Posts Tagged ‘ stereotyping ’

Does Playing With Barbie Limit Girls Career Choices?

Thursday, March 6th, 2014

“Playing with Barbie dolls can limit girls career choices, study shows.”

Well, let’s take this one step at a time.

What Did This Study Do?

From the press release:

Girls ages 4 to 7 were randomly assigned to play with one of three dolls: a fashion Barbie with dress and high-heeled shoes; a career Barbie with a doctor’s coat and stethoscope; or a Mrs. Potato Head with accessories such as purses and shoes. Mrs. Potato Head was selected as a neutral doll because the toy is similar in color and texture, but doesn’t have the sexualized characteristics of Barbie.

After a few minutes of play, the girls were asked if they could do any of 10 occupations when they grew up. They were also asked if boys could do those jobs. Half of the careers were traditionally male-dominated and half were female-dominated.

One important thing to keep in mind: a total of 37 girls were studied.

What Did This Study Find?

Again, from the press release:

Girls who played with Barbie thought they could do fewer jobs than boys could do. But girls who played with Mrs. Potato Head reported nearly the same number of possible careers for themselves and for boys.

There was no difference in results between girls who played with a Barbie wearing a dress and the career-focused, doctor version of the doll.

What Was The Conclusion From This Study?

Once more, from the press release:

Childhood development is complex, and playing with one toy isn’t likely to alter a child’s career aspirations … But toys such as dolls or action figures can influence a child’s ideas about their future …

What Is The Take-Home Message From This Study?

Well, much less than the headline “Playing with Barbie dolls can limit girls career choices, study shows” might imply. The conclusion summarized above is a reasonable perspective. But let’s face it – this study is quite limited in scope. Only 37 girls were studied and they were distributed in age between 4 and 7 years old.
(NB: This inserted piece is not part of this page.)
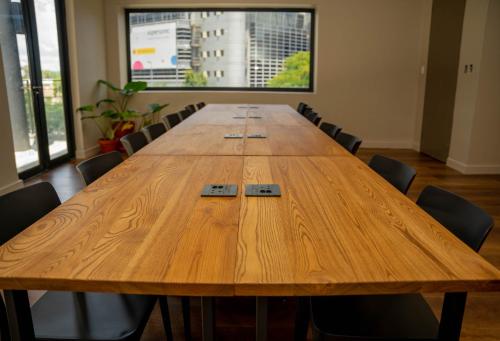 a large wooden conference table in a room with chairs at BlackBrick Sandton Two in Johannesburg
This is hardly a platform for making inferences about the impact of playing with Barbie. To do that properly (and I admit I come from a tradition of epidemiological research which can have pretty rigorous standards), we would want to see a few things. Some that immediately come to mind include:

  • a much larger sample, ideally one that would be shown to be somewhat representative of a specified community (e.g., a given region of the country, so that we have more confidence in the statistical estimates)
  • more attention to potential factors that could influence how the girls responded (e.g., Are there differences by age? Level of media exposure? Prior level of conceptions of sex roles and stereotyping?)
  • additional determination of how long the effect lasted (e.g., retesting 30 minutes later; 2 days later; 1 week later)
  • more naturalistic studies that examined what toys the girls played with in their home environment (e.g., Did it make a difference that the experimenters gave the girls the toys?)
  • inclusion of boys
  • replication of the findings

These are just some ideas to think about. Look, there’s nothing inherently wrong with the study. It was published in a peer review journal. There may be something to the results. But from the scientific perspective the study gets the ball rolling – and much more research would need to be done before we are anywhere close to making bigger inferences.
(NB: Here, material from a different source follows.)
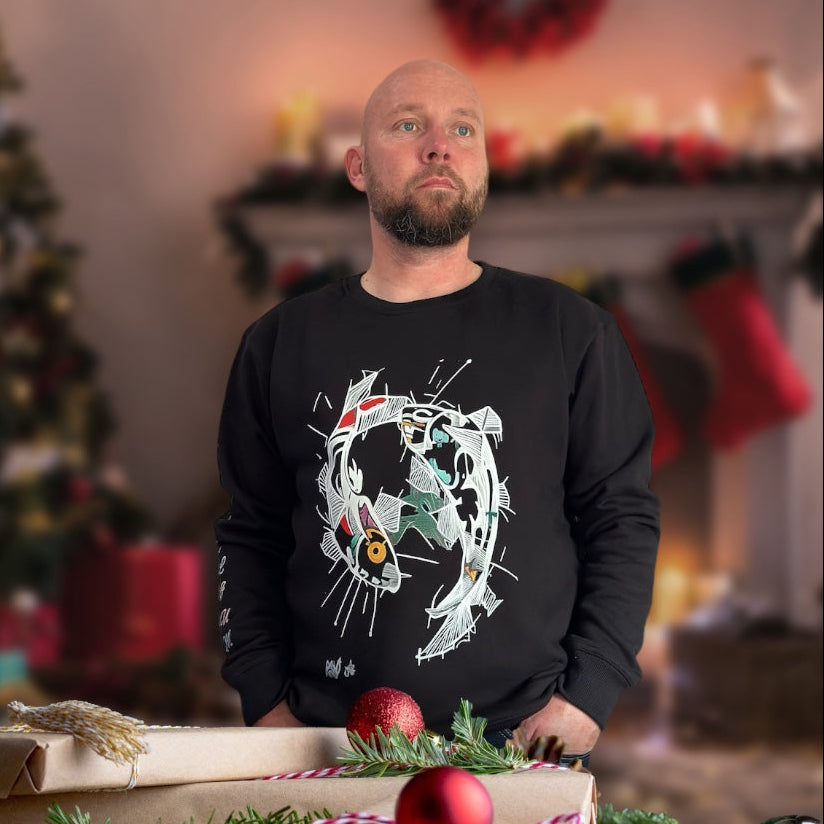Man in a black sweater with a decorative design, standing behind wrapped gifts and Christmas decorations. rokkatei-eshop.mom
This is, admittedly, a pet peeve of mine. I don’t like headline “teasers” for research that is in an early stage. Frankly, I don’t like the idea that every study that gets published warrants a press release. Sometimes a study can serve as a platform for discussion, but I think we need to be much more conservative when we use the words “study shows“  because of the inference it carries.  It’s a long way from 5 minutes in a laboratory to the real world.

What career will your child have? Take our quiz to find out!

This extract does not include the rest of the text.